June 10, 2019 by Coleman Thedinger
It’s time to talk about SQ vs. SPL, a topic that can be somewhat controversial in the industry at times, for several reasons. First things first, let’s establish that listeners have different priorities when it comes to the sound profile that hits their ears and sounds the best to them. When discussing SQ vs. SPL, it’s more just to compare the differences between these two goals that people chase after with their subwoofers and their overall audio systems, not to say that one is necessarily better or more valid of a pursuit than the other.

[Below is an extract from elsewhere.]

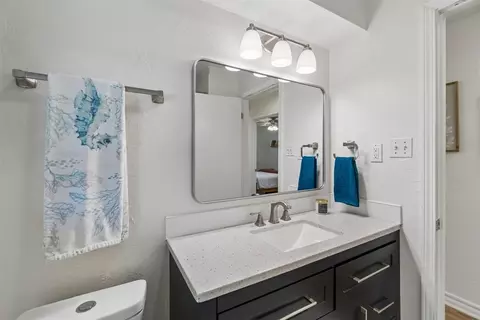 Bath - 723 E 27th Pl, Edmond, OK 73013 photo 5 of 6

Sound Pressure Level (SPL):
This is a measurement of the sound pressure in the cabin in decibels. It’s an objective measurement, a sound system’s SPL reading won’t change based on who is holding the SPL meter to measure it. It’s not based on anyone’s opinion, it’s something that you can measure. SPL is all about getting your subwoofers to play as loud as possible, moving around as much air as you can. Something that happens when volume is your top priority is that some of the other important details start to fall by the wayside, details like sound quality.

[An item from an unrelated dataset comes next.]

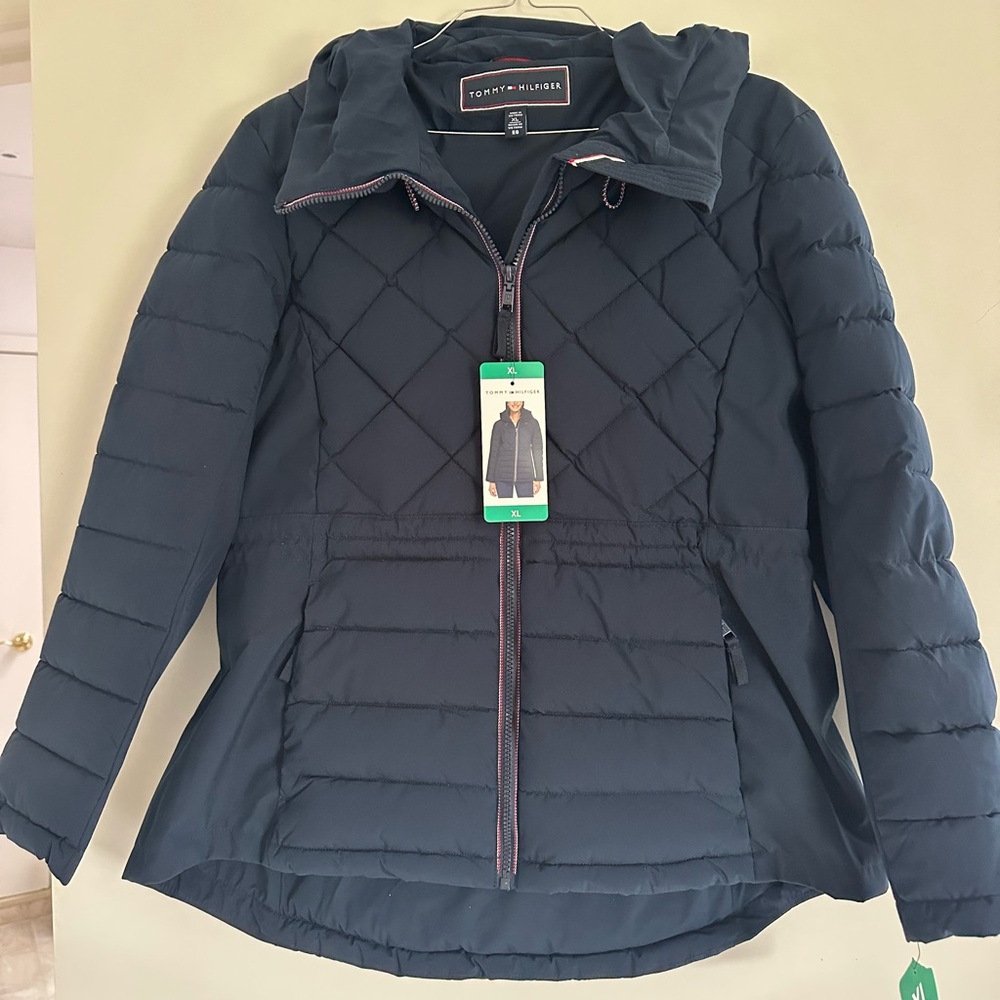 Tommy Hilfiger Women's Dark Blue Puffer Jacket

The louder you get, the harder and more expensive it becomes to continue to accurately reproduce those lower bass notes. Aiming for peak SPL will rattle your bones, but it won’t really be a listenable experience if you want to enjoy the subtleties of your favorite songs.
Sound Quality (SQ):
Sound Quality is a more subjective measurement. People like different sound profiles, they look for different things in what they’d consider a great sound system, and not everybody hears the same thing when they’re listening to a song. Of course, there are plenty of cases when you can objectively say that some sound is higher quality than others, for example, a high-end car stereo is going to sound better than listening to music through a touch tone telephone. There’s a certain point where some systems sound better no matter who is rating them, but there’s also a lot of room for personal opinion and nuance.

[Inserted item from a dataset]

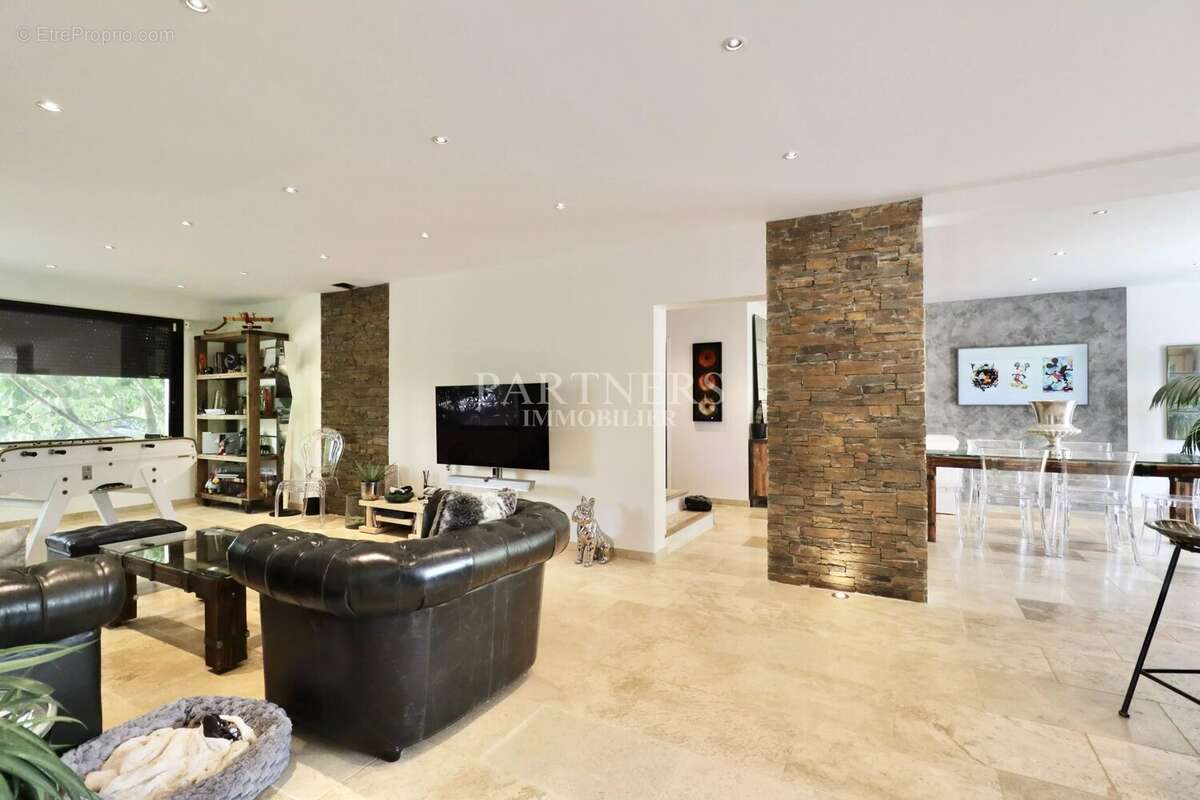 Maison à POURRIERES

SQ is a matter of hearing the notes reproduced accurately, being able to distinguish the high, middle, and lower frequencies and really feeling like you’re inside of the music.
Of course, it’s possible to have an audio system that pumps out SPL and delivers satisfying SQ. They aren’t mutually exclusive, but at times it can feel like a see-saw where you’re gaining ground on one side but starting to lose it on the other side. If you really want to make volume your top priority, the sound quality suffers. If sound quality is your top priority, it won’t be able to get as loud.
Which Should You Aim For?
It really comes down to what your goals are with your audio system, your budget, and what you plan to use it for.
If you’re looking to compete with others for the bragging rights of pumping out the craziest decibels, then it’s an SPL build all the way.
If you’re keener on listening to, and enjoying, your favorite songs and impressing people with music that sounds incredible rather than making their hair move, then you’re on track to make SQ your focus.